Three empirically documented
and “ideologically” founded debates.
These have their own vitality
as “debates” but equally, they allow one to illustrate and to question
fundamental points regarding our understanding of the evolution of language
and of the dynamics of languages: structural homogeneity and heterogeneity
of languages (cf. metatypy, convergence and emergence of new languages),
interpretation of phenomena as processes of construction of contextually
determined forms, construction of norms, selection of reference points,
stabilization or variation of linguistic forms, realization of processes
of semiotization and retention of historicity in the dynamics of the transformation
of languages, etc.
II. “Contact, typology
and evolution of languages: a perspective to be explored”
Here the aim is to open
discussion on what is constructed by ‘typology’.
Sub-themes:
-
Results of language contact seen from a broad comparative perspective;
linguistic areas at a local, continental and a global scale;
-
different "diffusibility" or "areal stability" of different linguistic
features;
-
the role of a language's structural type in facilitating or rejecting
structural influence;
-
the relation between grammatical and lexical borrowing;
-
cross-linguistic comparability of language contact as a basis for
typological language-contact databases;
-
the possibility of quantifying contact influence, both within a language
and in a large language sample.
III. “Representation
of the phenomena and the role of descriptors: a perspective to be established”
In connection with the double
requirement of theoretical reflection and empirical underpinning, the
aim is to develop an epistemological reflection on the elaboration of
knowledge in the domain of languages and Language.

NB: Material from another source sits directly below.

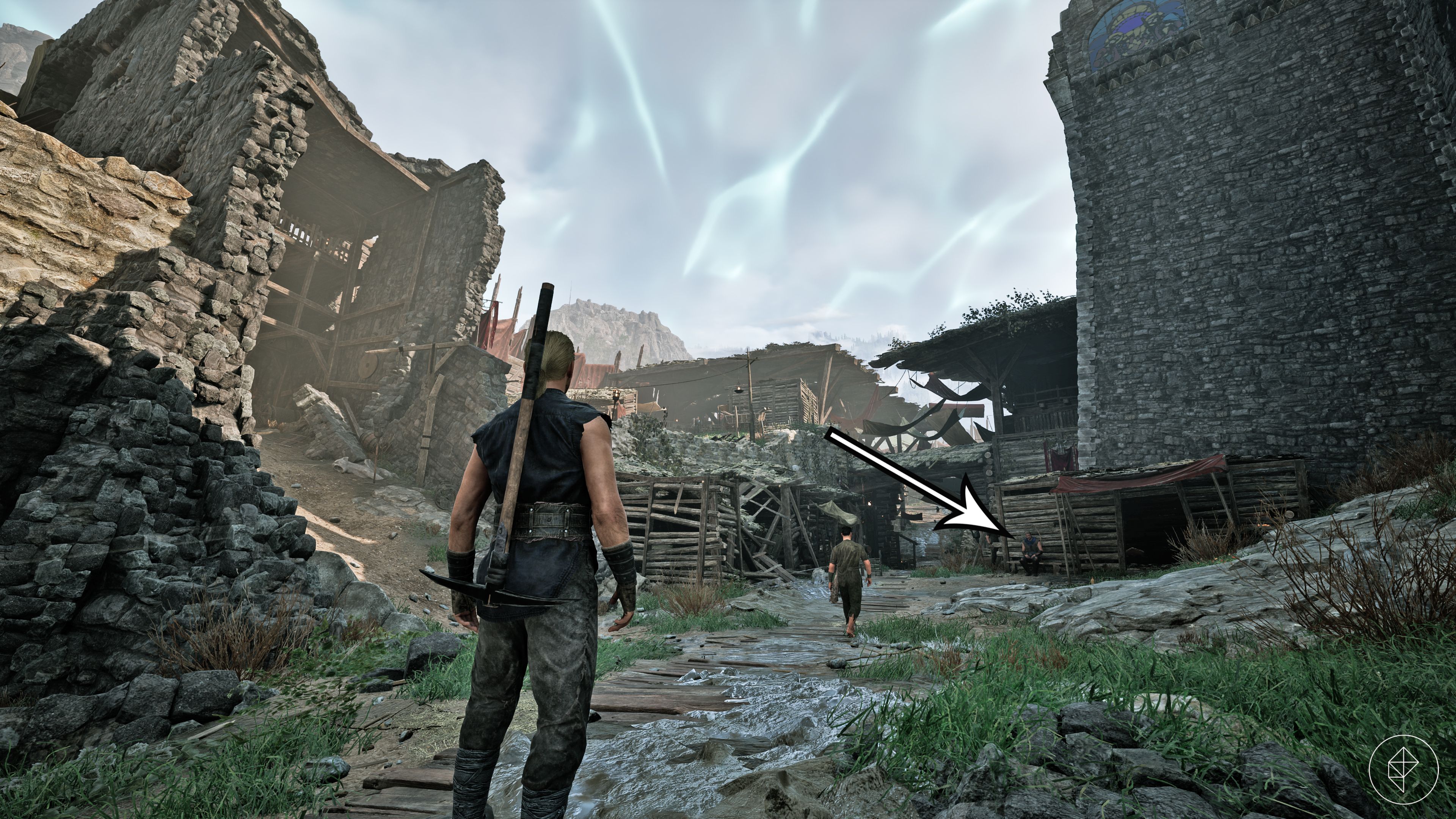 Mordrag resting on a bench in the Gothic 1 Remake.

What are the relations among
the social-anthropological, cognitive, evolutionary, and structural strands
in the debate?
Models, metaphors, representations
and attempts at (re)conceptualization.
Role of metaphor in the
construction of representations.
Role of phenomena in description
and in processes of analysis.
Reference to “‘explanatory’
paradigms”: evolutionary, complex, ecological, structuralist, essentialist,
cognitivist, ...
Relevant questions:
-
Do we need to rethink
contact?
-
Is it is appropriate
(or interesting) to consider contact as an “obvious fact” and/or as a
“need” in the elaboration of linguistics?